EUR/USD Forecast & GBP/USD Weekly Outlook: Iran War Boosts Dollar Safe Haven Demand as Fed, BoE and ECB Decisions Hit

EUR/USD Forecast & GBP/USD Weekly Outlook: Iran War Boosts Dollar Safe Haven Demand as Fed, BoE and ECB Decisions Hit

When geopolitics turns into an energy shock, FX doesn’t move politely. It gaps, it reprices, and it forces central banks into uncomfortable trade-offs. That’s the backdrop heading into March 15–21, 2026: the Iran war/conflict escalation has tightened global energy supply routes, pushed crude sharply higher, and revived the market’s instinctive dollar safe haven bid—right as the calendar delivers a rare cluster of major policy events for the Fed, the Bank of England and the ECB.
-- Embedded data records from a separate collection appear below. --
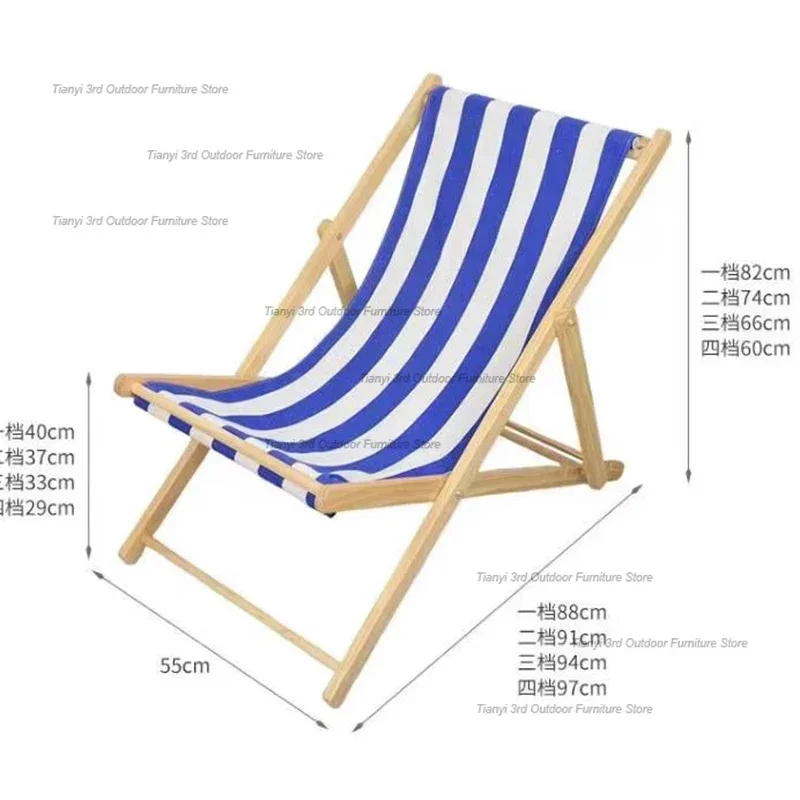 

Recliner Backrest Beach Chairs Camping Portable Relax Fishing Beach Chairs Foldable Wooden Outdoor Furniture Chaise Lounges LLOC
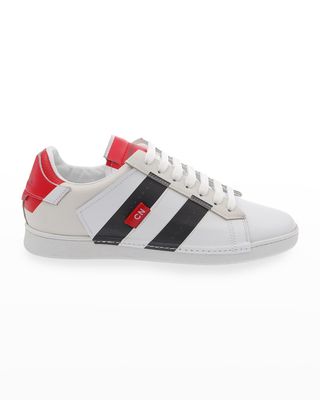 Men's Striped Leather Low-Top Sneakers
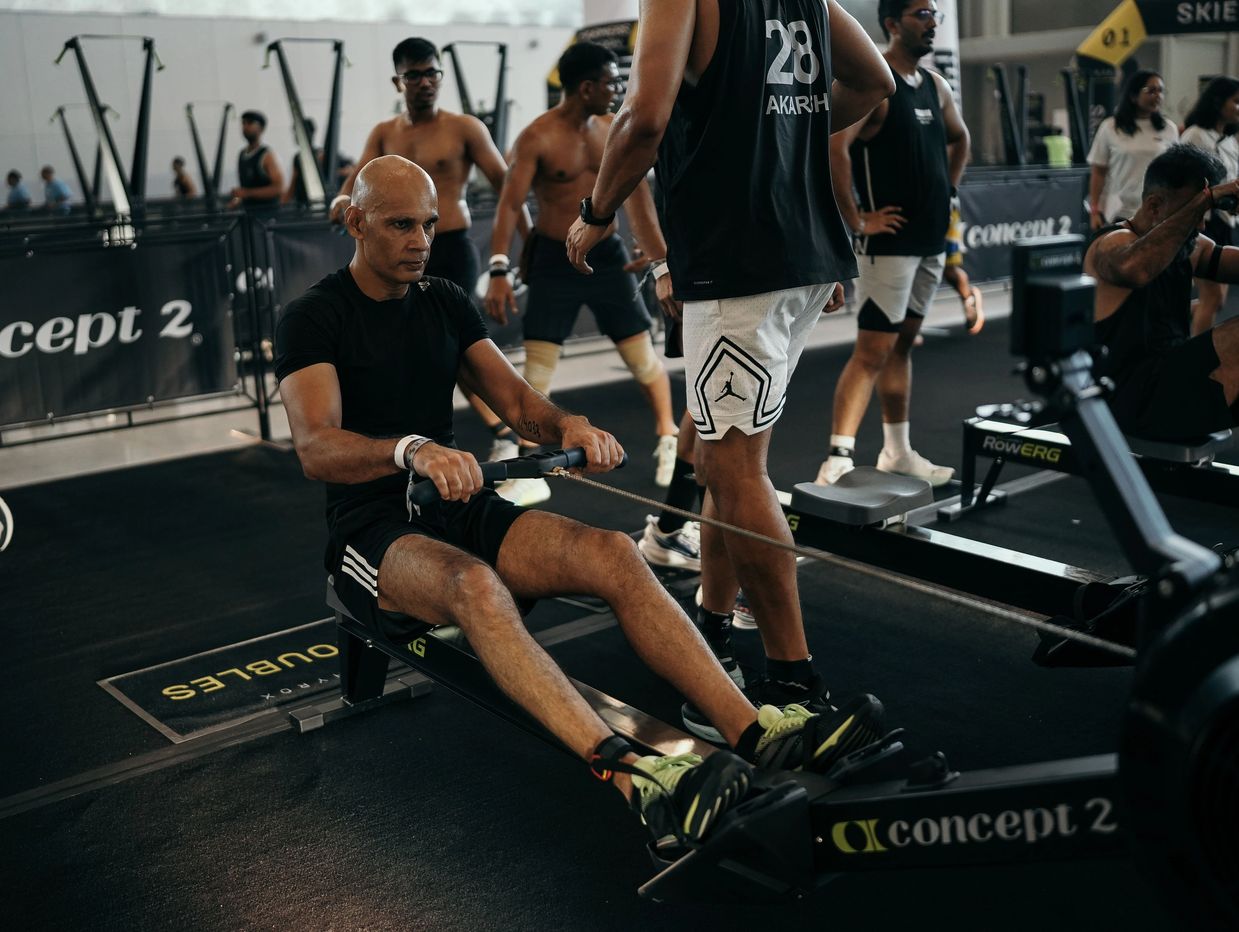 Manish Yadav at rowing workout station.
The trading opportunity (and danger) is that this isn’t “just” a headline market. It’s a week where news-driven risk sentiment and rate expectations can reinforce each other. The dollar’s recent strength has been linked to safe-haven flows and to the U.S. being relatively insulated as a net energy exporter, while Europe is treated as the vulnerable energy importer. Reuters summed up the mechanism clearly: investors have been “punishing currencies issued by net energy importers,” with the euro under pressure and the dollar index near the highest since November.

Below is a forward-looking, trader-focused map for EUR/USD and GBP/USD, built around the attached economic calendar forex schedule and the geopolitical impulse currently driving volatility.

Why the Iran conflict is USD-positive (even when data is mixed)

The forex market Iran impact is most powerful through two channels:

1) Energy as a macro shock (and Europe wears it first)

The war has severely disrupted the Strait of Hormuz route and threatened key export infrastructure, driving major oil market uncertainty and keeping prices elevated. Reuters reporting has pointed to a steep rise in crude and a historic strategic reserve release plan as markets attempt to cushion supply losses—yet strategists continue to warn about prolonged disruption risk.

This matters for FX because energy prices change a region’s “terms of trade.” A sustained oil/gas spike is typically:

  • Negative EUR (Eurozone is a large net importer of energy)
  • Often negative GBP (UK is still highly sensitive to energy prices and inflation expectations)
  • Relatively supportive USD (the U.S. is insulated compared with import-heavy peers and benefits from safe-haven flows)

Reuters emphasized that a sharp and prolonged rise in oil prices would hurt the economies of Japan and the euro zone, while the U.S. would be “relatively insulated” as a net crude exporter.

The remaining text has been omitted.